The second thing is that from this point I took up a pen and tried to write again. It was the first time since Bruno Pasqua had taken me to Paris with him. Maybe I did it to try to fight loneliness; maybe I was trying to rediscover my worth. It only struck me later, far into the neverending process, that I was writing to the line that would come later.
To you, and for you, whomever you might be.
It was what Vliegan the Third had suggested I not forget, their motto: From one hand to the next.
It strikes me now that if the new Kristof Vliegan is to be believed, the present fixation is on such profitable attributes as longevity, looks and health, but once these are conquered then surely there must come the next steps: how to make people wiser, or more artistic, or more mathematical, or more benevolent, or more industrious, or calmer, or more musical, or quieter – and, if so required in order to cull the chaff of inevitable failures, how to make the discards and the misfits better resiled to their mortality.
The possibilities are, of course, endless.
So here is my memory, my consciousness, for whatever good it might do the next new people.

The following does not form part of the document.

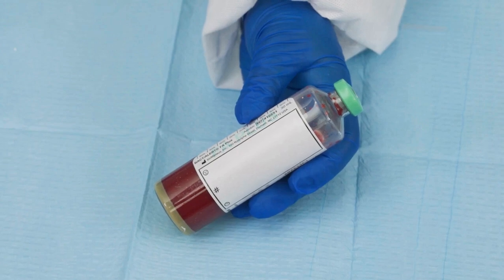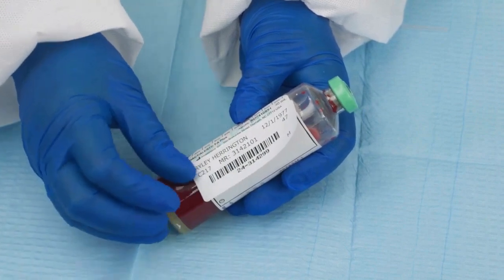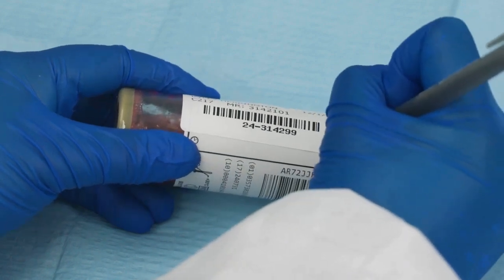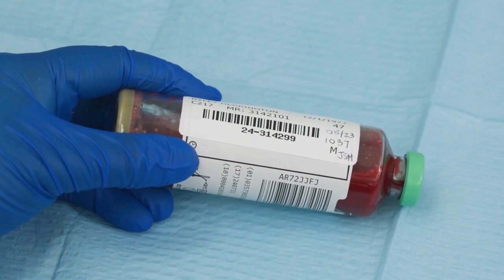To properly label the bottle, use the dedicated area on the bottle. If using a test label, place the barcode label vertically so the orientation is the same as the bottle barcode. Do not cover any of the bottle barcodes, the fill-to mark, or the window to check the blood level. Add any additional information if required, such as date, time, and collected by. Ensure that any additional labels do not cover the bottle barcode.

For whatever heart it might give you, friend.
Godspeed.
Epilogue
Pain woke him. Either pain or something else, something outside. Maybe both. The pain was in his belly, to one side, and it travelled down into his groin. Yet when he opened his eyes the hurt disappeared and some remnant of a nightmare he couldn’t recall still clung to him. At first he was confused, but he knew exactly where he was; at first he was uncertain, but the living room was quiet and unthreatening; at first he was unsure of his own name, but beneath his breath he said: I am who I am and nothing else.
He listened to the house. Silence. Or silent steps.

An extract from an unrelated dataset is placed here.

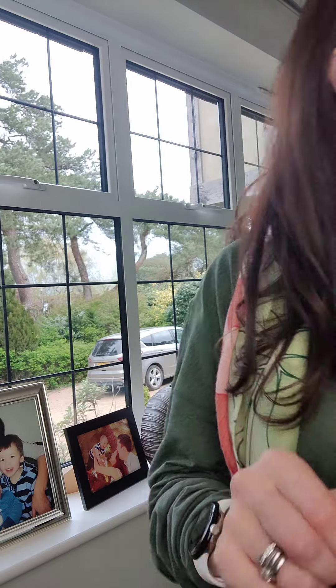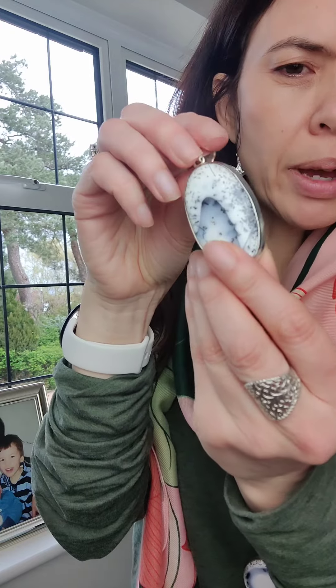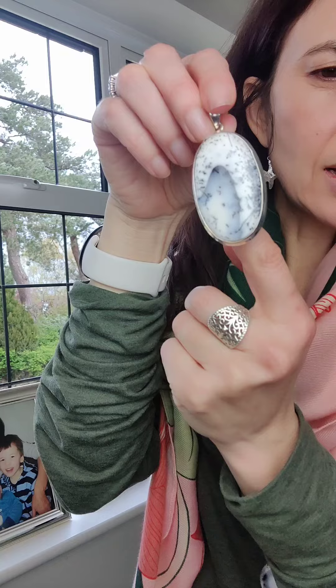One of the nice things about dendritic opal is that it has quite an opaque look, so you get that chalky white which is slightly transparent.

Still curled up in the deep sofa where he’d fallen asleep, Mark’s eyes were open even though he couldn’t bring himself to move. Montenero’s books had settled inside him. He’d fallen into a deep slumber with the great fire blazing and now all the lumps of firewood were down to embers. The light of day was in the sky. Friday? Saturday? It felt as if weeks or months had passed.
Mark stayed where he was, dazed, disbelieving, relieved. All at the same time.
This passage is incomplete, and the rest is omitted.